• [TASK GOAL]: Starting at the line that contains "カラフルな漫画フクロウの紙皿 ペーパーボウル (傾斜あり)", reproduce only the lines through the end of the data, exactly, including both the first and the last; skip the pictures.

• [PROVIDED DATA]:

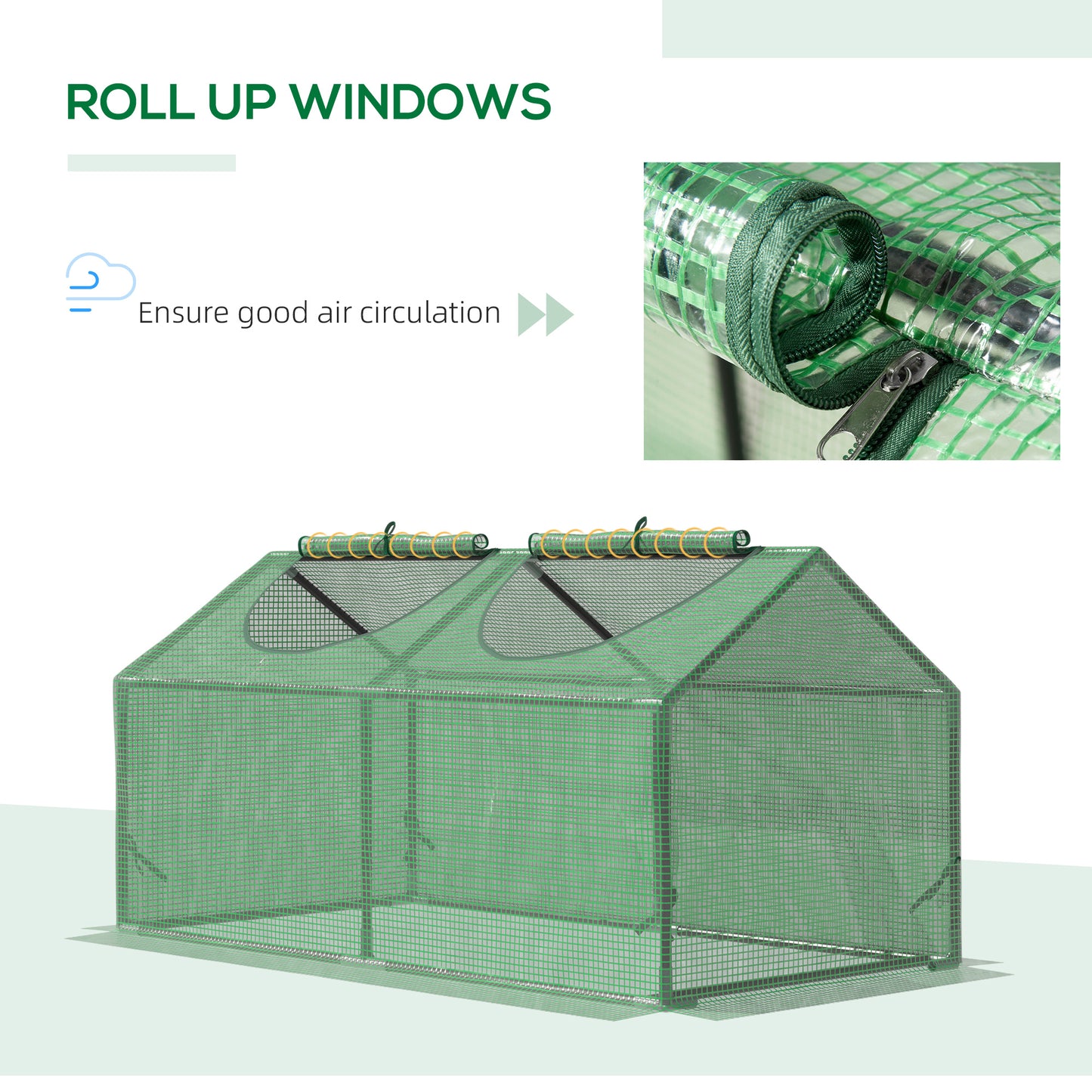 Portable Mini Greenhouse with PE Cover & Zippered Windows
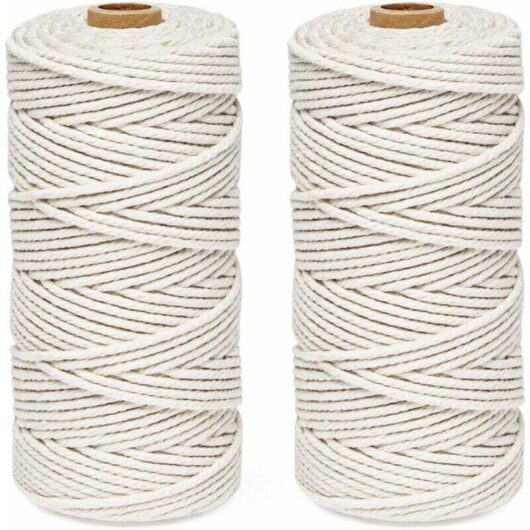 Macrame Cord Kit 3mm x 200m Beige Cotton Thread, 100% Cotton Macrame String Cord, Natural Cotton Cord for Knitting, Hanging Plant DIY Decoration,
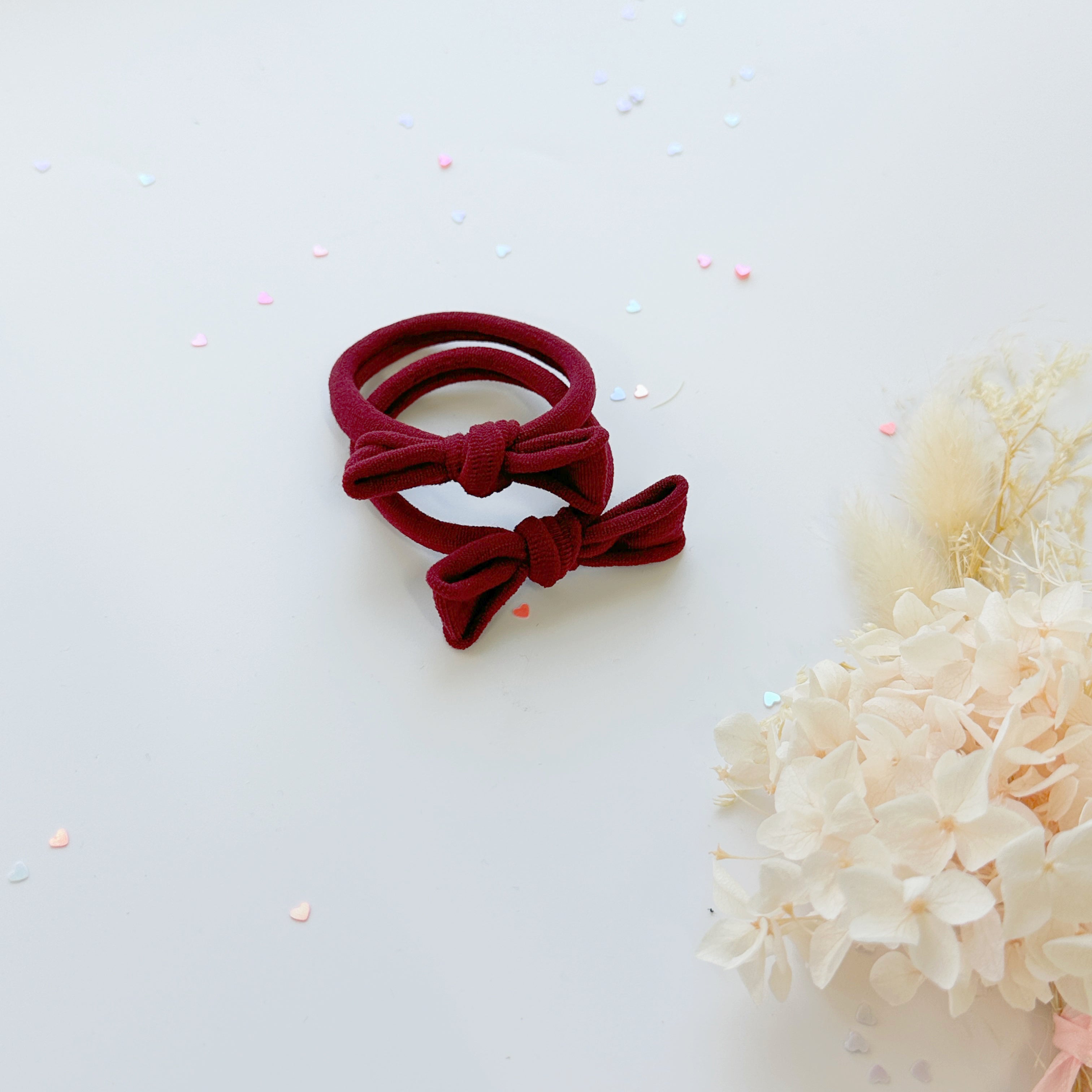 Handmade Simple Bow metal free hair ties -Mustard - 1 Pairs - Maroon โ image 6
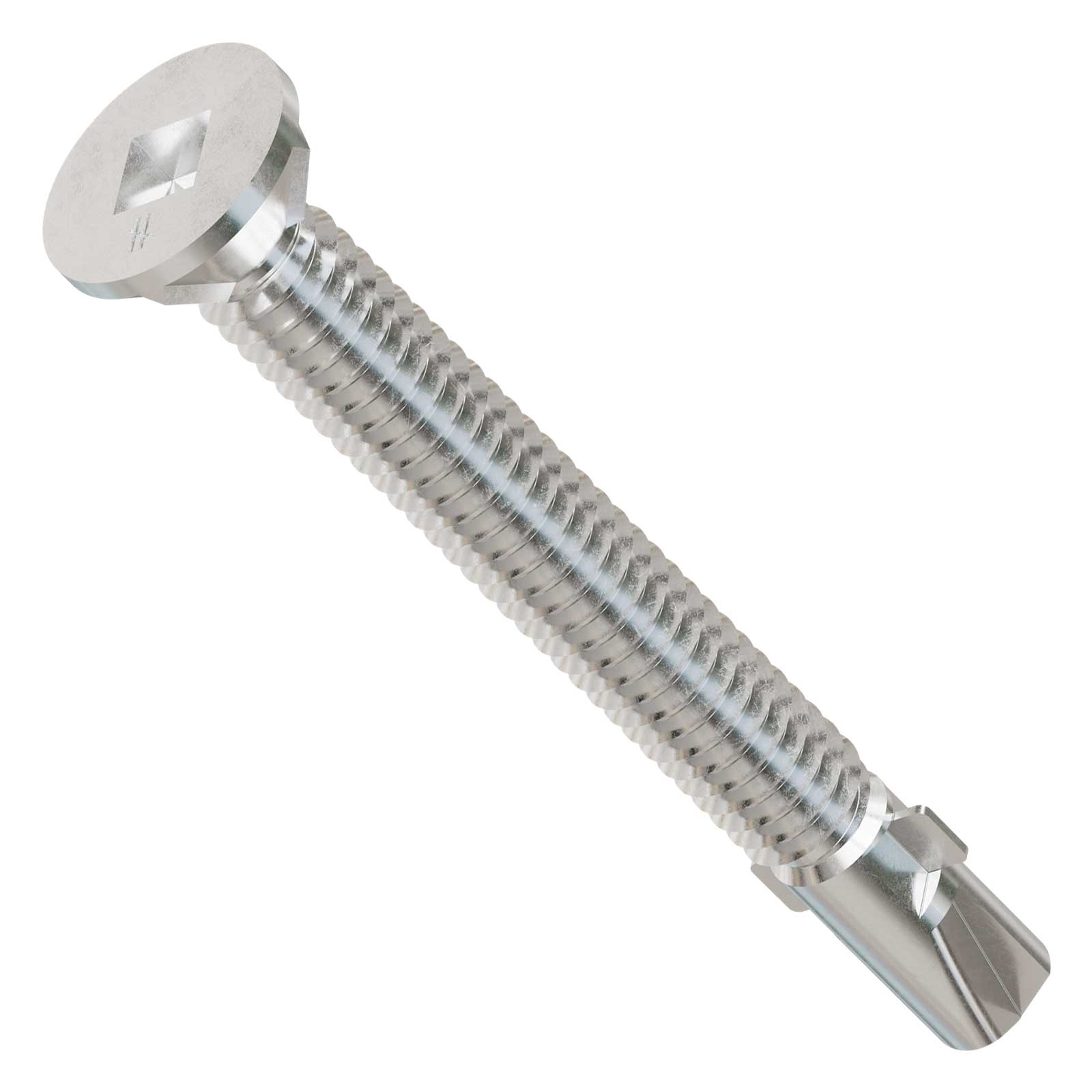 #12 x 2-1/2" Self-Drilling Flat Head Screw with Wings - 410 Stainless Steel, Pkg 1800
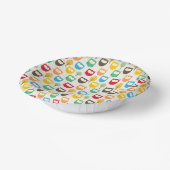 カラフルな漫画フクロウの紙皿 ペーパーボウル (傾斜あり)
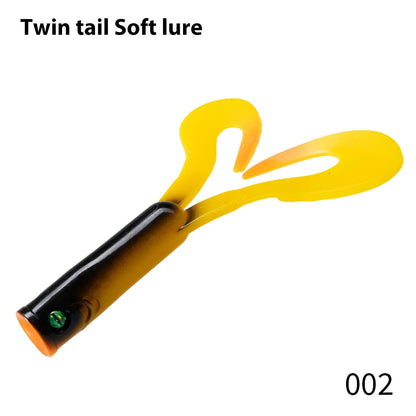 145mm/21.7gTwin Tail Trailer Soft Fishing Lure Silicone Spinning PVC For Pike Barsch Zander Fish Accessories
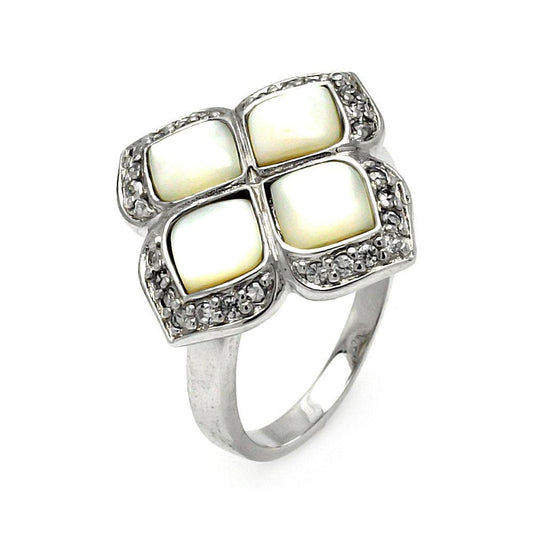 Sterling Silver 925 Rhodium Plated CZ Simulated Pearl Flower Ring Sizes 5-9
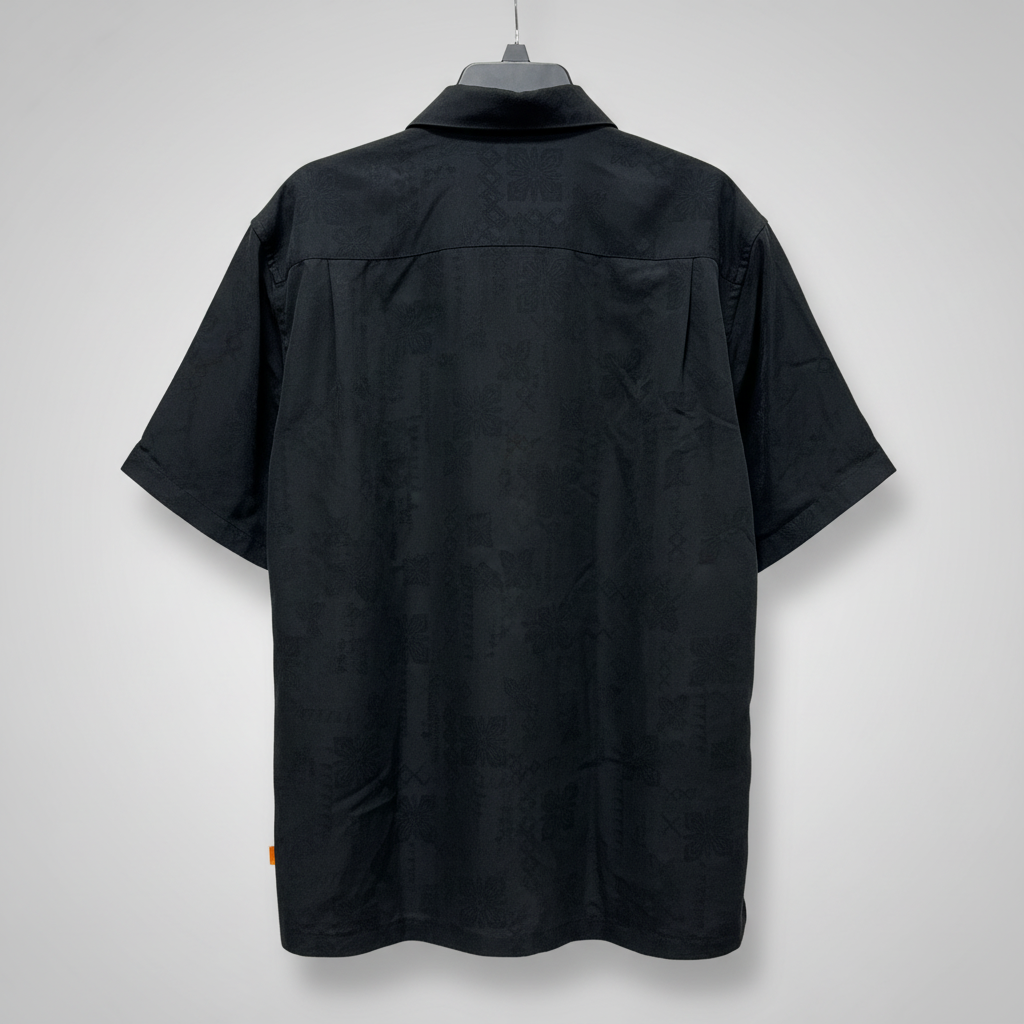 Quiksilver Waterman Collection Black Aloha Floral Shirt Men's XL Short Sleeve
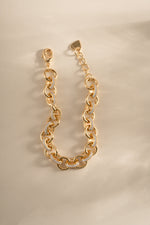 Gold Sami Jewels round pave link chain bracelet with sparkling pave-set links and a secure clasp on a white background.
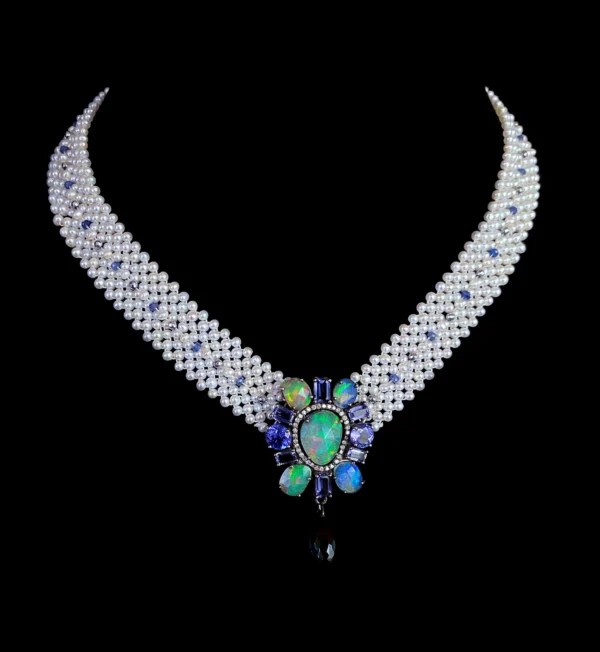Pearl Lace Necklace with Fire Opal, Tanzanite & Diamond Centerpiece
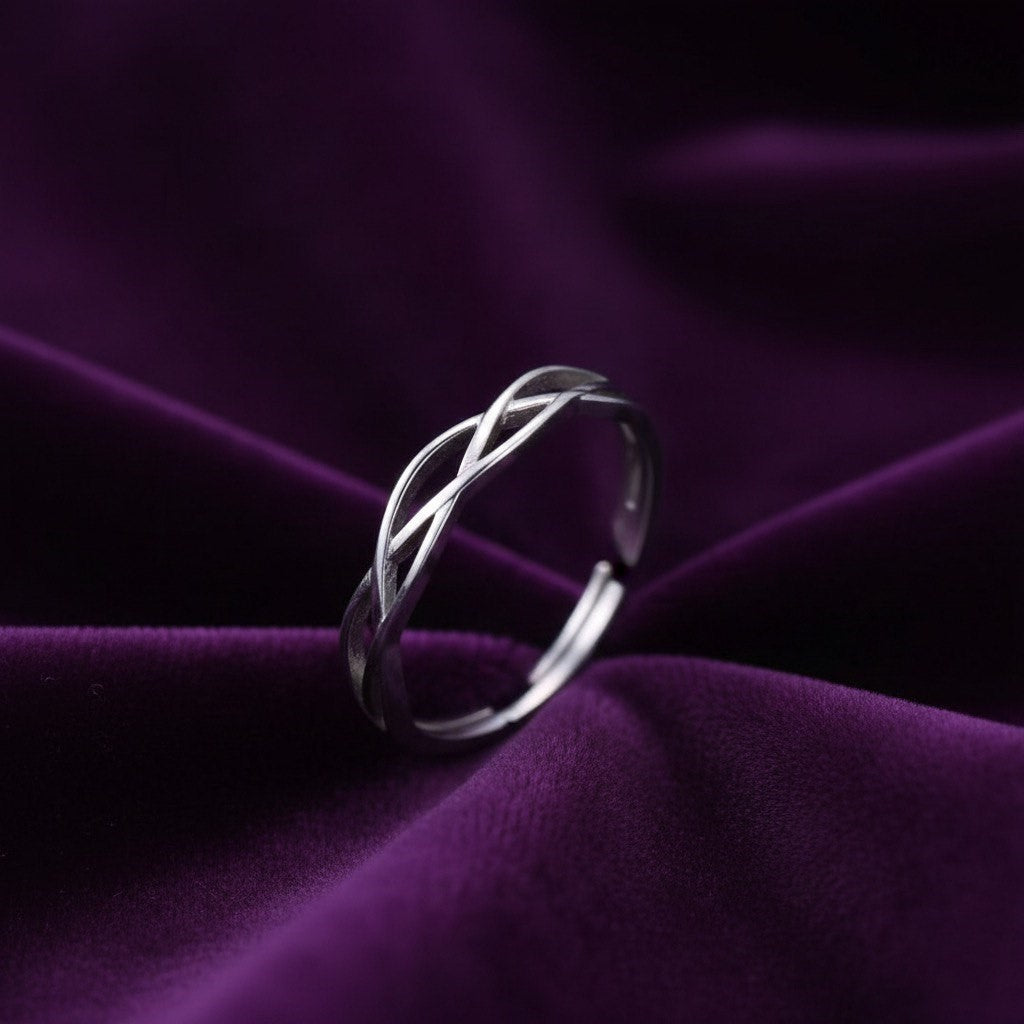 S925 Cross Line Geometric Adjustable Ring NYSHK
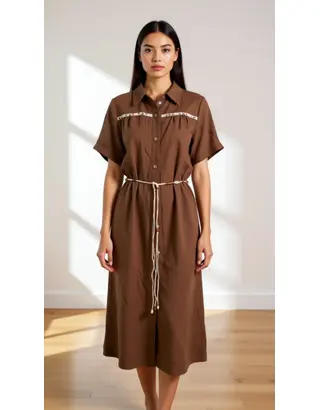 Garde-robe - Lang kleed - Bruin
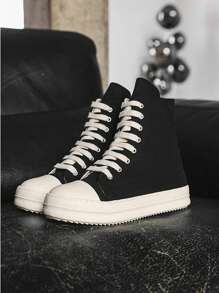 1 双男女通用鞋，尺码说明：（35-39 码建议选小一码），情侣鞋和男士 2025 新款春季厚底增高复古运动高帮帆布鞋，侧拉链，情侣帆布鞋 - 黑與白 - 查看 2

• [SOLUTION FOR THIS EXERCISE]:
 カラフルな漫画フクロウの紙皿 ペーパーボウル (傾斜あり)
 145mm/21.7gTwin Tail Trailer Soft Fishing Lure Silicone Spinning PVC For Pike Barsch Zander Fish Accessories
 Sterling Silver 925 Rhodium Plated CZ Simulated Pearl Flower Ring Sizes 5-9
 Quiksilver Waterman Collection Black Aloha Floral Shirt Men's XL Short Sleeve
 Gold Sami Jewels round pave link chain bracelet with sparkling pave-set links and a secure clasp on a white background.
Pearl Lace Necklace with Fire Opal, Tanzanite & Diamond Centerpiece
 S925 Cross Line Geometric Adjustable Ring NYSHK
 Garde-robe - Lang kleed - Bruin
 1 双男女通用鞋，尺码说明：（35-39 码建议选小一码），情侣鞋和男士 2025 新款春季厚底增高复古运动高帮帆布鞋，侧拉链，情侣帆布鞋 - 黑與白 - 查看 2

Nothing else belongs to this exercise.